The Stalin regime's persecution of ethnic Germans predates WWII by a number of years. In 1937-1938 there was a "German Operation" by the NKVD. This involved the mass execution of ethnic Germans including a disproportionate number of pacifist Mennonites. Many villages were left with almost no adult men as a result of this mass killing. This predates the Nazi expansion into Czechoslovakia and Poland.

It also lasted far longer than WWII. The ethnic Germans in Central Asia, again many of them pacifist Mennonites, came under special settlement restrictions after the defeat of Nazi Germany. The NKVD placed them under this punitive regime starting on 18 September 1945. The Central Asian Germans far away from the front never posed any threat to the Soviet state. Nor did the collaborate with the Nazis. Yet almost all of them, men, women, and children were punished after the war. They remained under special settlement restrictions until the end of 1955, over ten years.

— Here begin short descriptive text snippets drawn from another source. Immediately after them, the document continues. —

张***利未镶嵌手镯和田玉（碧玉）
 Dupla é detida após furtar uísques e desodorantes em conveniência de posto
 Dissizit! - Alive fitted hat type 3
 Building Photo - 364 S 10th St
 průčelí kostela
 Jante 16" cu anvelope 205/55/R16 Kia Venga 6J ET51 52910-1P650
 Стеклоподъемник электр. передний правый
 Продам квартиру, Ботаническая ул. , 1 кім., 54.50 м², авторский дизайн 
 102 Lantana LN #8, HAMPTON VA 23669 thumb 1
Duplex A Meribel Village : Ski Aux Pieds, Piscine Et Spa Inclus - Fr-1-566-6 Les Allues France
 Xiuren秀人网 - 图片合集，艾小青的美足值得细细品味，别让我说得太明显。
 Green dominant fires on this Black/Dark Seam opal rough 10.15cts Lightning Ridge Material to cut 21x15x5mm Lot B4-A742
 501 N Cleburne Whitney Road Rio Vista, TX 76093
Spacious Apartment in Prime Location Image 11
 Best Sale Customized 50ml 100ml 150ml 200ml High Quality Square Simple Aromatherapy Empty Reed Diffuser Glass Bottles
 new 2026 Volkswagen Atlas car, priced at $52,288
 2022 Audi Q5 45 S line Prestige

I see no moral claim. The deportations took place from August to November 1941. The Nazis had already launched a full scale invasion of the USSR on 22 June 1941 and needed no excuse to attack. The Soviet ethnic cleansing of the Germans did nothing to weaken Nazi Germany and much to weaken the USSR. It did not deprive the Nazis of any excuse to continue its invasion. It was used by the Nazis as an excuse to justify parts of the Holocaust at the time. It also gave many Germans at the front a motive to get revenge against the "Jewish communists" responsible for this crime against humanity. Many of these men would have been less enthusiastic in killing Jews if the ethnic Germans in Ukraine had not been so brutally treated by Moscow.